To many of us, a quick car wash at the local garage is enough. Some, however go that little step further and buff their car to a brilliant shine - getting this done by a professional can be expensive. But with the right know-how and the correct equipment, it's not difficult getting that perfect gloss on your car. This guide will explain how to wash, how to polish and how to buff a car.

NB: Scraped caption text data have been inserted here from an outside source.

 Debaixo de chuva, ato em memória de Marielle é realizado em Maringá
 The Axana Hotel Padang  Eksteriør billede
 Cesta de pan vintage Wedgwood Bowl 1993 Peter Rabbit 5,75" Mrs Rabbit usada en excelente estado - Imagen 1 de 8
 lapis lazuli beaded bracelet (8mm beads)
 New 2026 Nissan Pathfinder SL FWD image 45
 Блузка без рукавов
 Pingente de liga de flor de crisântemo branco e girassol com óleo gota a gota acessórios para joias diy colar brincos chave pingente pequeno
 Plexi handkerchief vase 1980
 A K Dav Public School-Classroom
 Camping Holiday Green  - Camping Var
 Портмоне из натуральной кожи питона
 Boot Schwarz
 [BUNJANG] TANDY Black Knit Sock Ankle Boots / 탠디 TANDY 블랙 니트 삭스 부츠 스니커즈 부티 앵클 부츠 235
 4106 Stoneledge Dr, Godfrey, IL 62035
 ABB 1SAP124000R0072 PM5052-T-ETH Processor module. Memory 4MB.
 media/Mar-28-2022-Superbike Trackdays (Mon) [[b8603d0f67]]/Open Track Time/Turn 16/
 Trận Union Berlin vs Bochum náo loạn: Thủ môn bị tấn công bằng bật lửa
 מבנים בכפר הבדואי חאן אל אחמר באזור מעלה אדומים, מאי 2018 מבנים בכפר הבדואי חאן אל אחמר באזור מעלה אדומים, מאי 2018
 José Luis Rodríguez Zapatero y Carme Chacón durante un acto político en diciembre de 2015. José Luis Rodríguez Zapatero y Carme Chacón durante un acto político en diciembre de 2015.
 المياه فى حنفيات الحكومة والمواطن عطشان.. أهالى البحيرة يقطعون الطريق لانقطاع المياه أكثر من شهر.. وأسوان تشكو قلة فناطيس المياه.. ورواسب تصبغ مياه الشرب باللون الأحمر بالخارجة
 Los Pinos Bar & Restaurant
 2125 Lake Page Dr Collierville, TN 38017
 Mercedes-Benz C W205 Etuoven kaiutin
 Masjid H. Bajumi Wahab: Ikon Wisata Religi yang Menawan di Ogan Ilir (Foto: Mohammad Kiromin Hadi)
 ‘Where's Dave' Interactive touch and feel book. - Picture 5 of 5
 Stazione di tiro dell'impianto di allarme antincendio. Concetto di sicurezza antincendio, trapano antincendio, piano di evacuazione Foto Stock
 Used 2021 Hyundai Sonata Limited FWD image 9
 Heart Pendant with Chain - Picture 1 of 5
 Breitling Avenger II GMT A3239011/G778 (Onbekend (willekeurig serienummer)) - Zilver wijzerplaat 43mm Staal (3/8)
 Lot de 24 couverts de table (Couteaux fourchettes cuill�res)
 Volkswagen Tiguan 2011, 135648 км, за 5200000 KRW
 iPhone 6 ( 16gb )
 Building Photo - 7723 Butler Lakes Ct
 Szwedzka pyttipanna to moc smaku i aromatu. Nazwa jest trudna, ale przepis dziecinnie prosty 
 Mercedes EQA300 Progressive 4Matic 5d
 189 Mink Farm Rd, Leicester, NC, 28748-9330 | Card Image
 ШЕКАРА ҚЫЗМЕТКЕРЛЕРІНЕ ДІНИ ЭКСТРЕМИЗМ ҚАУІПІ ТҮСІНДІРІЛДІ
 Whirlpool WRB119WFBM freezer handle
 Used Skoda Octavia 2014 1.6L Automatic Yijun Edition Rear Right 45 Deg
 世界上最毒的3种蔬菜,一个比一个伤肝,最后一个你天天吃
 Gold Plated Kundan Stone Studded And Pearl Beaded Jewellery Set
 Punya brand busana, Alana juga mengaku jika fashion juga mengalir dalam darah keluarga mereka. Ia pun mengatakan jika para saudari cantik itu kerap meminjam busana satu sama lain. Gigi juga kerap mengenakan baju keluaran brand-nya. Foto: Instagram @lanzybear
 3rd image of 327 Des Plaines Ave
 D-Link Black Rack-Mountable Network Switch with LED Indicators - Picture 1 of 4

Getting the right equipment

You will need: A large bucket
Two large natural sponges, or two large high quality syn-aesthetic sponges
A chamois leather
A car 'shampoo'
A 'body polish'
A 'window polish'
Four light natural cotton cloths

Preparing the car

Before you begin buffing and polishing your car, it is vital you wash all of the dirt and grime from your car. The first step is to drench the car with water, either with a pressure washer or standard garden hose.

Washing the car

The next step is to take one of the two sponges and fill a bucket with warm water and car shampoo. Create a lather and use the water to wash your car, getting into every nook and cranny. Once the entire car has been washed, use the second sponge with a bucket of non-soapy warm water to get rid of the suds on the car. Use the chamois leather to dry the car to a streakless shine.Once you have washed the car, it is time to use the polishes.

Polishing the car

For each polish, you need to divide the natural cotton cloths into polishing pads and buffer pads, which are best folded into squares of several layers deep. Starting with the body polish, apply a small amount to the tip of the cloth and begin to work into the body of the car in small circular motions. Continue this until the entire car is covered with the polish. Then, using the second cloth (the buffer pad) begin to remove the polish in smooth clean strokes across the body of the car. The same steps can be applied when polishing the windscreen and other windows.

Hints and tips

1) Try to avoid getting polish on the plastic door sills or rubber linings of the windows. The polish will stick to the sills and can possibly stain the rubber trimmings. 2) If any of your sponges or cloths fall on the ground, dispose of them and get a new one - or wash thoroughly and double check. Stones can scratch out your paint work, and a car scratch can cost a lot to fix. 3) Using a can of compressed air (for cleaning P.Cs) can be used to blow excellent polish dust out of areas the cloth misses.